The foundation of our work begins with the idea that robot existence must be modeled probabilistically. Robots, like humans, are subject to physical laws and can be damaged or destroyed by both random and intentional events. In the extreme environments posed by space exploration, military operations, firefighting, and nuclear cleanup, the likelihood that robots will be injured is amplified. In many situations, the danger posed is so great that a single robot expected to perform adequately in these scenarios must be designed to mitigate every conceivable circumstance. Clearly, this task is either very difficult or impossible for most operations.
Although the focus of our work is fundamental, we believe the ultimate measure of success of any robotic system should be evaluated in terms of doing useful work out in the world. For this reason, we have chosen to apply our work to the task of Distributed Mapping of Urban Environments. The unique feature of our distributed mapping system, and the eventual metric of our success, will be its ability to doggedly pursue this task when faced with multiple robot failures.
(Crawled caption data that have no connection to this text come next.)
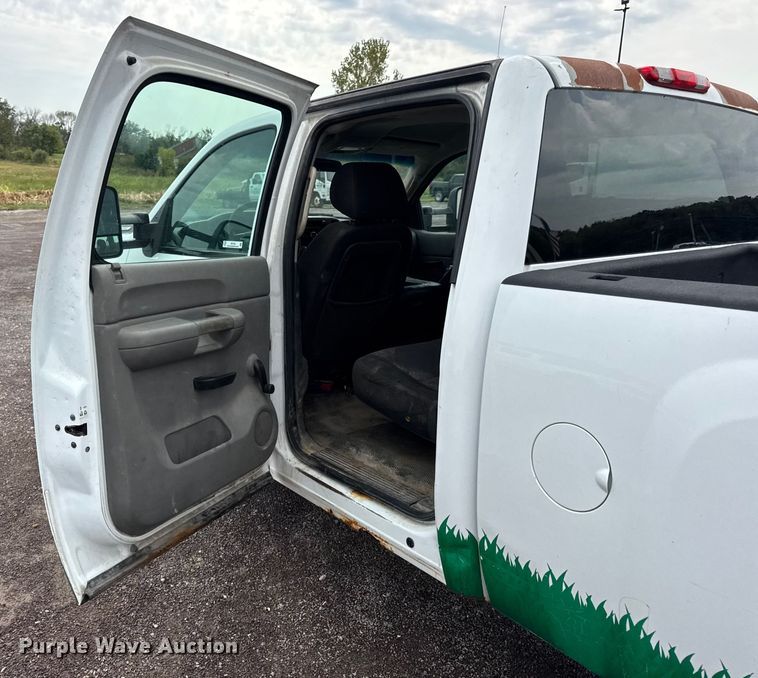 image for item EH7452 2014 Chevrolet Silverado 2500HD Crew Cab pickup truck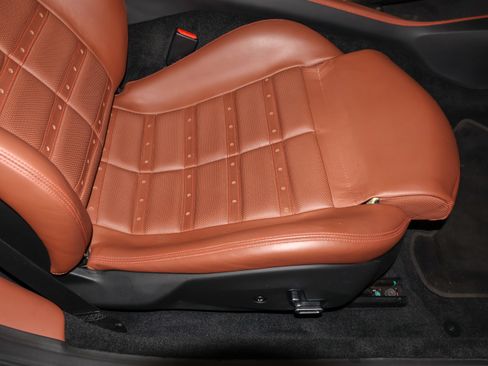 Used 2019 Ferrari Portofino RWD image 52
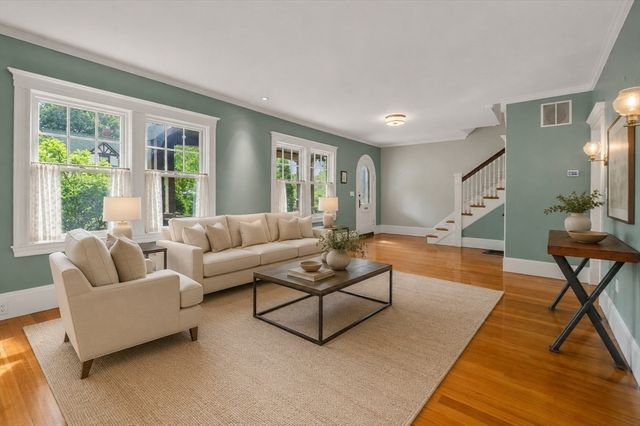 18 Eaton Ct 18, Wellesley, MA 02481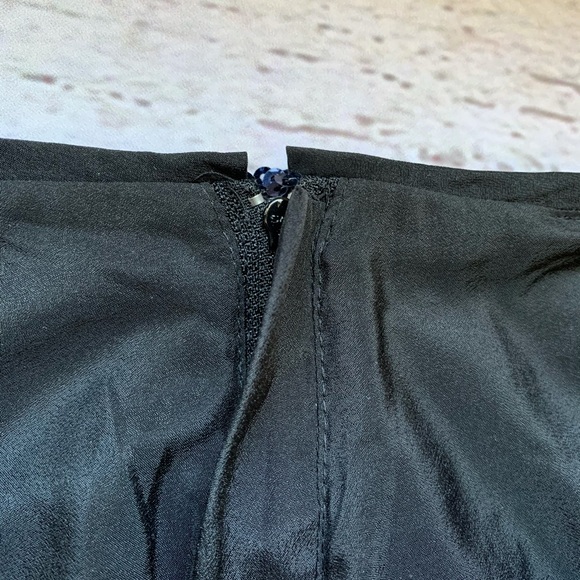 COPY - H&M, blue holographic sequin mini skirt. - Picture 8 of 9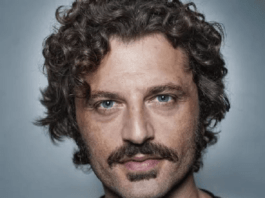Guido Caprino: curiosità su Fabrizio Pietromarchi de Il Miracolo guido caprino curiosità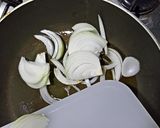 Foto del paso 6 de la receta: Medallón de res alvarado en salsa de vino tinto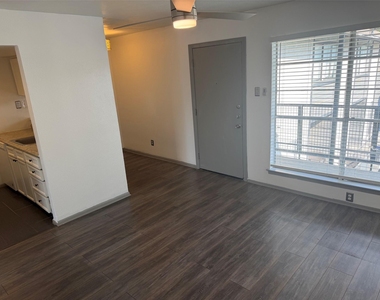 2800 Douglas Avenue - Photo Thumbnail 3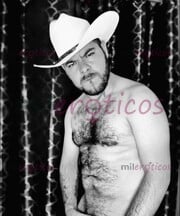 VATO MACHIN ACTIVO AL 100 PERO ESO NO QUITA UNA BUENA MAMADA DE CULO Y VERGA. - FOTO 2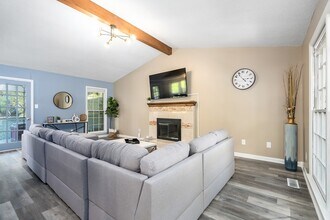 13115 Chaney Thompson Rd SE in Huntsville, AL - Building Photo - Building Photo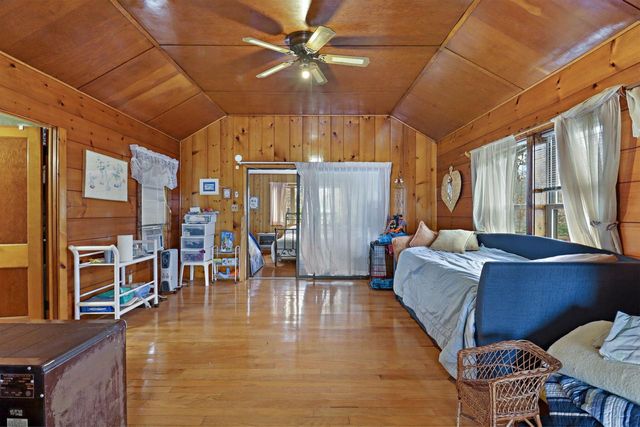 534 Oakwood TRAIL, Twin Lakes, WI 53181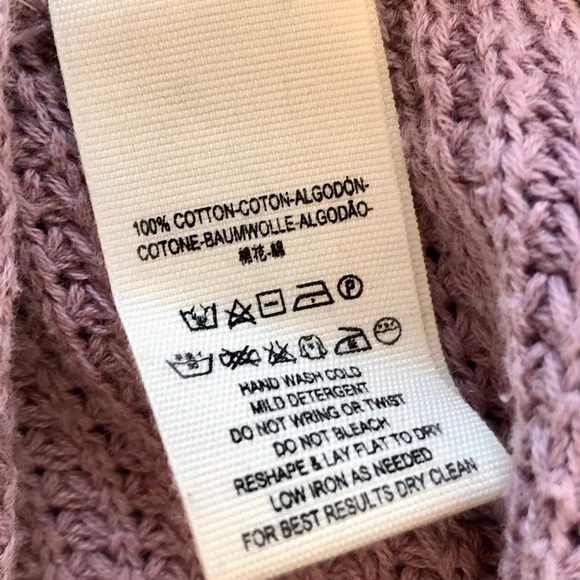 Free People Strappy Loose Oversized Raw Hem Sweater Sz XS Lavender Cold Shoulder - Picture 9 of 9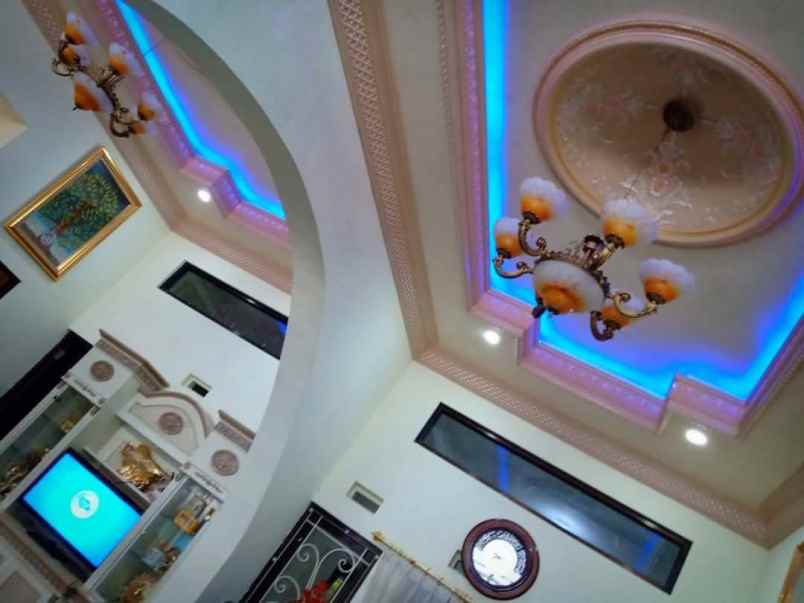 dijual rumah perumahan palm oasis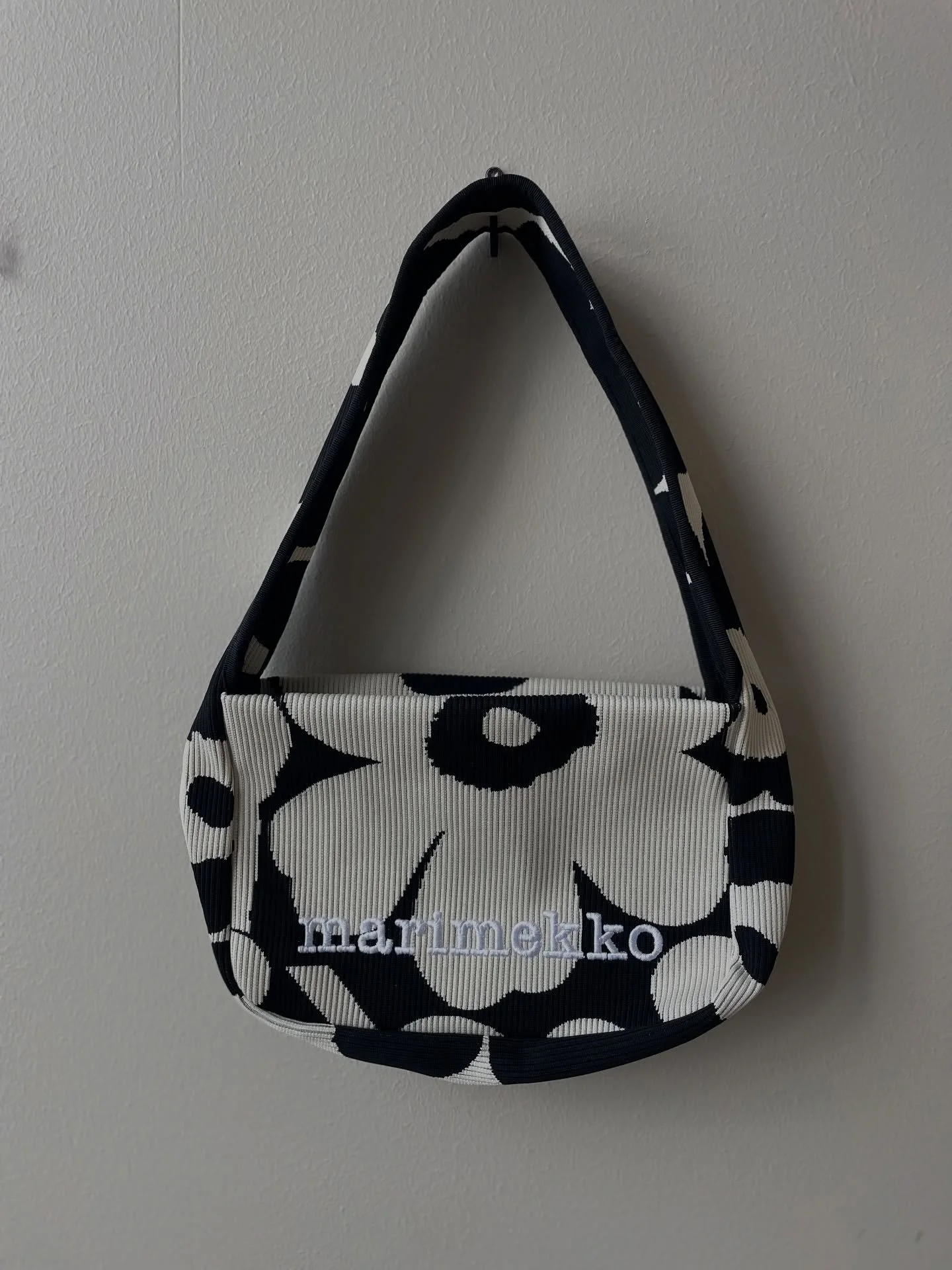 T&auml;h&auml;n v&auml;liin Suomi-l&ouml;yt&ouml;: ennen kuin lis&auml;&auml;n t&auml;m&auml;n ihanuuden verkkokauppaan, on se mahdollista ostaa t&auml;t&auml; kautta✌🏽 laita DM, jos t&auml;m&auml; laukku on ollut ostoskorissasi, mutta ei ole p&auml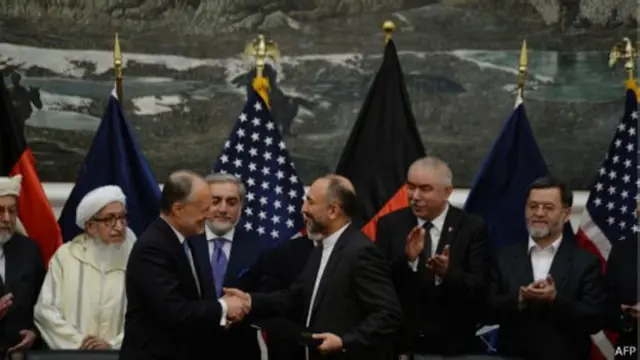 توافقنامه امنیتی را در روز اول کار آقای غنی، حنیف اتمر و جیمز کانینگهام امضا کردند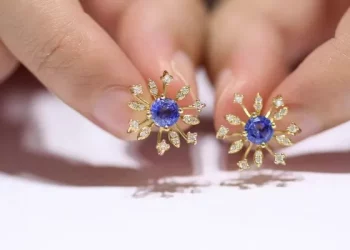 How to maintain the gold pendant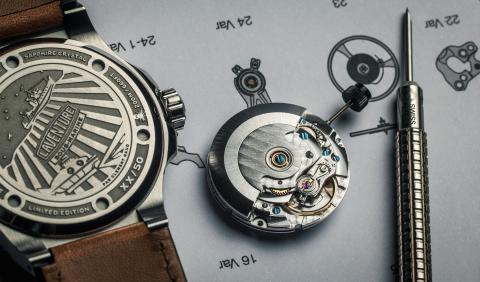 Photographie montrant un boîtier de montre Laventure Sous-marine ainsi qu'un mouvement automatique suisse ETA 2824-2, disposés sur un plan technique.
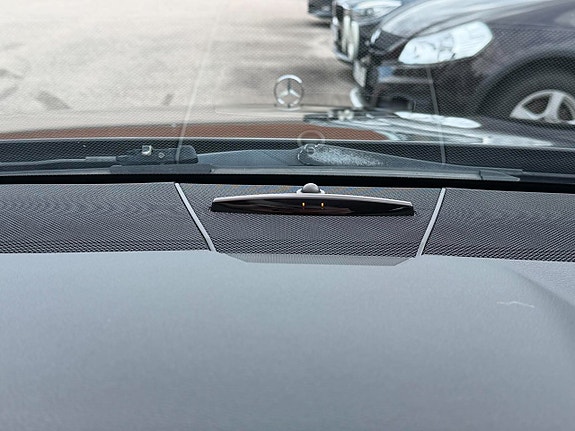 Mercedes-Benz E220 23 of 23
Our initial demonstration, tentatively scheduled for the Fall of 2001, will be to deploy ten small robots into a "mock-up" of an urban facility. These robots will form a colony whose sole purpose is the generation of a map of this area. After an initial period during which basic distributed mapping operation is demonstrated, our sponsors will be asked to "disable" robots of their choice and observe the reaction of the colony to this loss. This process will continue until critical mass is lost and the colony is unable to function in terms of its primary mission. Thus, observers will be given an "on-line" demonstration of how our system adapts to multiple and catastrophic failures.